The benchmark 10-year note fell 25/32 to 98 7/32 and yielded 4.09%, up from 3.93%, at the end of trading Friday. Bond prices and yields move in opposite directions.
The 2-year note declined 10/32 to 100 13/32 and yielded 2.65%, up from 2.49%. The 30-year long bond slid 24/32 to 95 14/32; its yield rose to 4.66% from 4.61%.
Stocks mixed. The stock market was choppy Friday, as investors mulled a slew of disappointing earnings reports from tech companies. But positive news from Citigroup (C, Fortune 500) and a continued selloff in oil has some investors keeping their money in equity.
Bond traders are unsure how to react to the rally in the stock market on Wednesday and Thursday and flucutations on Friday, said Michael Cheah, a bond fund manager at AIG SunAmerica. Cheah believes that the stock rally earlier in the week does not indicate a broader economic recovery.
Bonds are seen as a safe haven in times of economic uncertainty, and investors often shift assets depending on where sentiment lies.

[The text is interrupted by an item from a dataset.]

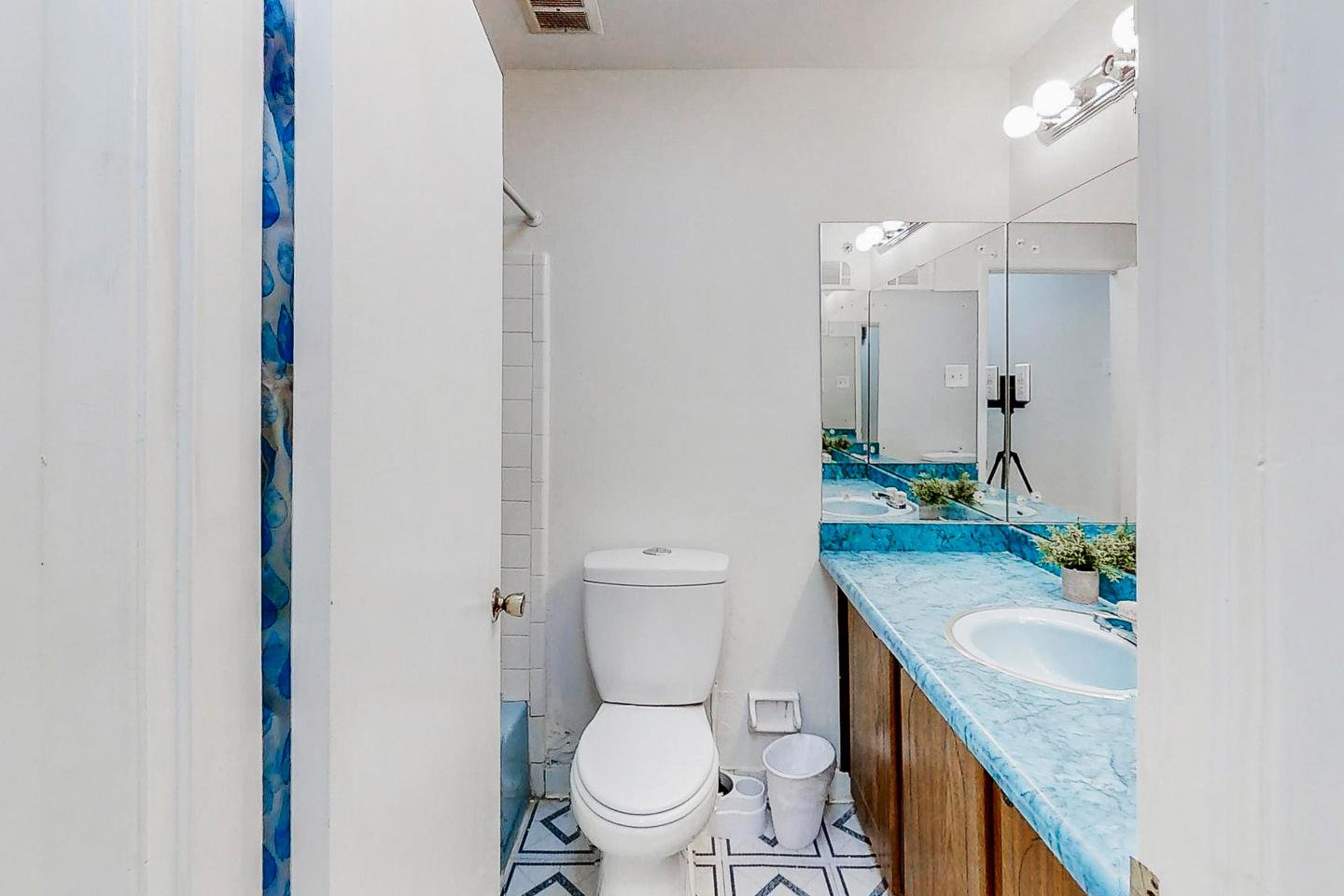 Bathroom(s)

"Long term, I think this equity rally is technical, and we are nowhere near the end of our problems," Cheah added. "The gravity of the losses for the financial companies is going to pull the stock market down again, and we are going to see the bond prices go back up because the economy is not rebounding yet."

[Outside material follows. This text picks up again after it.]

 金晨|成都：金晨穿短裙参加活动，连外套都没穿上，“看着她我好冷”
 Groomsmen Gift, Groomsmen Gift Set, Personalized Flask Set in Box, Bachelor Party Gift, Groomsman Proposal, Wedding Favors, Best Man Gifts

Inflation fears. Bonds have also fallen lower this week as traders remain concerned about inflation, said Stephen Wescott, a partner at Sterling Financial Planning.
On Wednesday, the most recent Consumer Price Index report showed a surprising surge, with inflation growing 5% in the past year, the biggest jump in more than 17 years.
"The signs are inflation are there, and the only way to stem that is to raise interest rates," Wescott said. "The bond market is preparing itself for that." ![]()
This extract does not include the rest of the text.